# Forum Home Renovation Decking  ekodeck

## LeonieA

Hi all
I am interested in the pros & cons of ekodeck (from Bunnings) around pools...especially the cons. Any recommendations for other  eco friendly composite products for pool decks?

----------


## stevoh741

Pros? can't think of any 
Cons?  1. It's from Bu....gs 
           2. I'd never use any composite for my own decks as it will look crap after use. Any scrathes/stains etc can't be sanded out and refinished. I am yet to see a good looking 5yr or older composite deck. 
I like the theory and would probably use composite materials for battens but at this stage I am yet to be convinced of it being a good choice in decking....and if the green shed sell it well it will be a cheap and nasty version IMHO.

----------


## Slipry

At work we had replaced a timber bridge over a water feature and link between two buildings with a composite board (big brand name but can't remember just now).
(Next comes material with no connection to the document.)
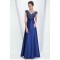 A-Line V-Neck Cap-Sleeve Long Blue Prom Evening Formal Dresses ED011638
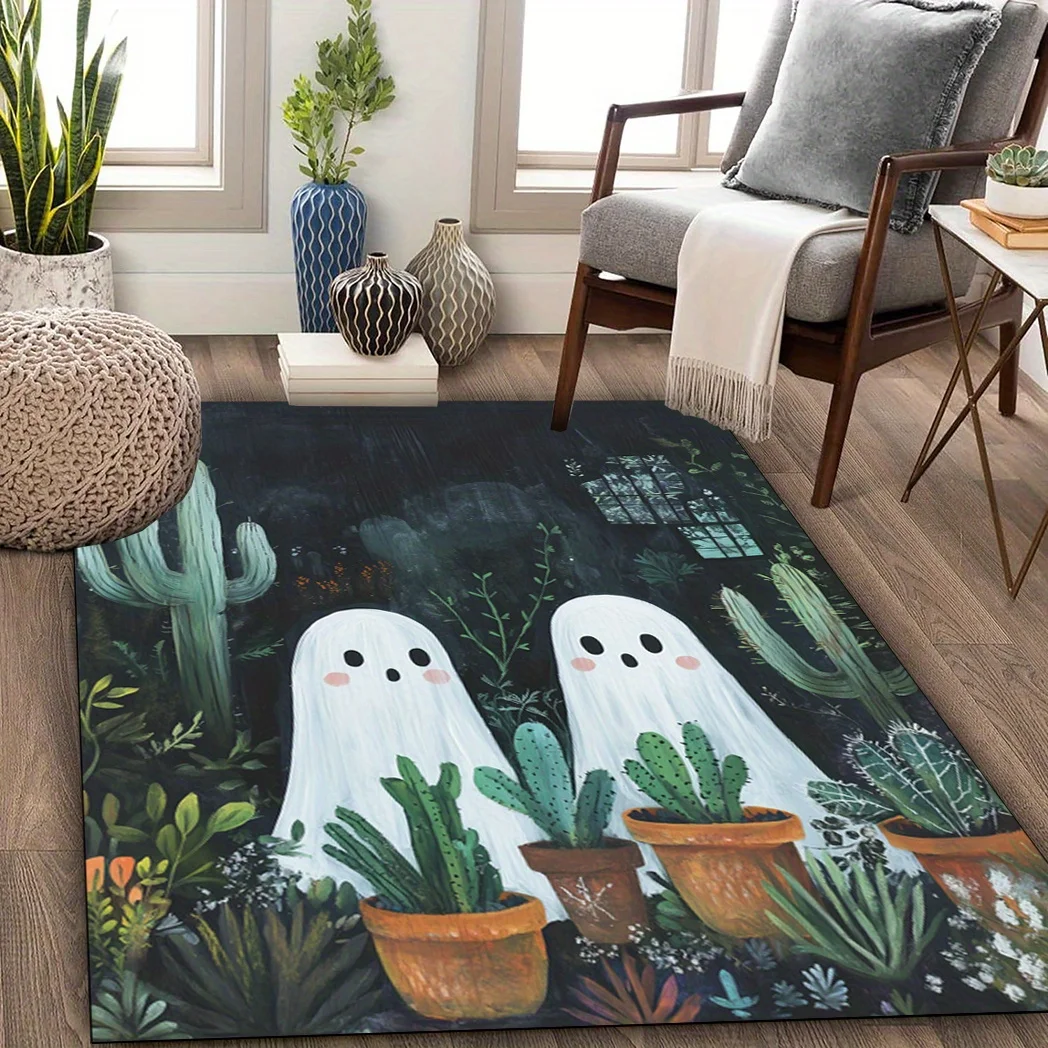 Ghost Carpet Living Room Large Rug Halloween Bedroom Decor Cute Cactus Plant Floor Mat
It is slippery when wet so I imagine it would not be ideal around a pool. 
Stevoh, you really got a thing for Bu....gs eh  :Wink:

----------


## Ken-67

Have a look at this site Q&A » Q&A - ModWood It will give you some ideas about composit decking boards.

----------


## stevoh741

> Stevoh, you really got a thing for Bu....gs eh

  My experiences numerous stores: bad service, bad advice, cheap and nasty products, but hey that's just IMHO.

----------